Treatment can vary from person to person due to age, health status, and depending on where the atherosclerosis is located. But in general, the procedure to treat atherosclerosis is usually:

Modify and reduce the patient's own habits: reduce cholesterol (in accordance with the diet-heart hypothesis), smoking or lack of exercise. Administer different types of medications, such as anticoagulants to prevent clot formation, or antiplatelet medications to reduce the ability of platelets to stick, since they produce clots. Medications to lower blood pressure and cholesterol may also be prescribed. Surgical treatments such as angioplasty, which opens clogged arteries, or a coronary artery bypass, which is used in patients who have angina due to to obstruction in the coronary arteries.

Recently (2014), the International Atherosclerosis Society (IAS) issued recommendations regarding the reduction of cholesterol levels and management of dyslipidemia, seeking to reduce the risk of atherosclerotic cardiovascular disease. The IAS Report considers two sections: Primary Prevention and Secondary Prevention. Primary prevention was based on advances in knowledge obtained over a long period of time in epidemiology, genetics, basic science, and clinical trials, whereas the recommendation for secondary prevention is based on the results of controlled clinical trials and evidence of the association of hypercholesterolemia and atherosclerotic cardiovascular disease.

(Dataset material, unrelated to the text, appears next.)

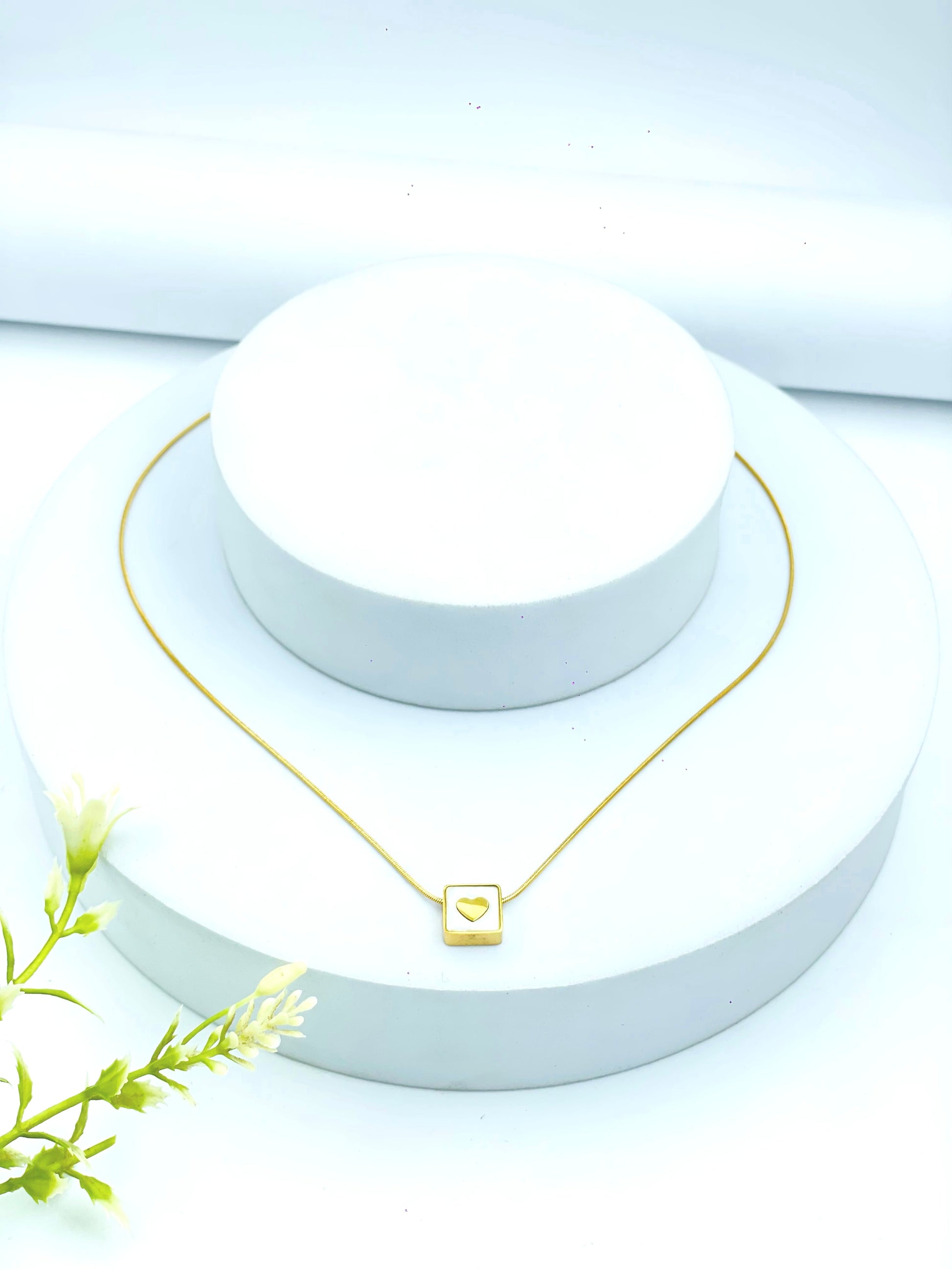 Elegant Gold Heart Pendant Necklace for Women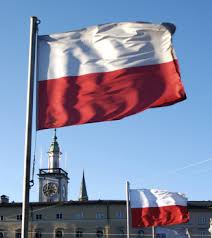 Poland's National Flag - via Daymix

The IAS first defines atherogenic cholesterol, which includes LDL cholesterol and Non-HDL cholesterol, of which it reports critical values. Non-HDL cholesterol includes VLDL cholesterol (associated with hypertriglyciridemia) added to LDL cholesterol (Alberico L et al) The types of prevention are:

• Primary prevention: To prevent risk factors such as hypercholesterolemia or high blood pressure from appearing. This should promote healthy lifestyles as a correct diet or Mediterranean diet, increase physical activity and avoid tobacco use.
• Secondary prevention: Consists in drug management or return to a healthy lifestyle when risk factors have appeared. Among the medicines used for the treatment of atherosclerosis we have:
  • statins: molecules that inhibit the HMG-CoA reductase, and therefore the synthesis of endogenous cholesterol; it should be noted that, as demonstrated in the WOSCOPS trial, 61 % of the main major cardiovascular adverse events are not prevented by current treatment regimes with statins in patients;
  • colestiramine: inhibits the intestinal absorption of bile salts, which discourages the liver conversion of cholesterol in bile salts;
  • gemfibrozil: activates the PPAR-α transcription factor, modifying the expression of genes involved in the metabolism of lipoproteins: increase of lipoprotein lipasa, decrease of the liver secretion of VLDL;
  • nicotynic acid: hypolipidemian (decreases mainly triglycerides);
  • ezetimibe: inhibits the intestinal absorption of cholesterol;
  • orlistat (Xenical): inhibitor of lipases, inhibits the intestinal absorption of fats (with which feces become fat, according to the regime); is not absorbed;
  • ursodeoxiclic acid: Solubill cholesterol calculations, decreases cholesterol concentration in the bile pathways.
• Tertiary prevention: It is the specific treatment of each disease that causes atherosclerosis syndrome.

The goals of treatment are:

• Help the symptoms.
• Decrease risk factors to delay or stop plaque deposit.
• Decrease the risk of blood clots forming.
• Stir the coronary arteries obstructed by the plate or give a roundabout to avoid them.
• Prevent diseases related to atherosclerosis.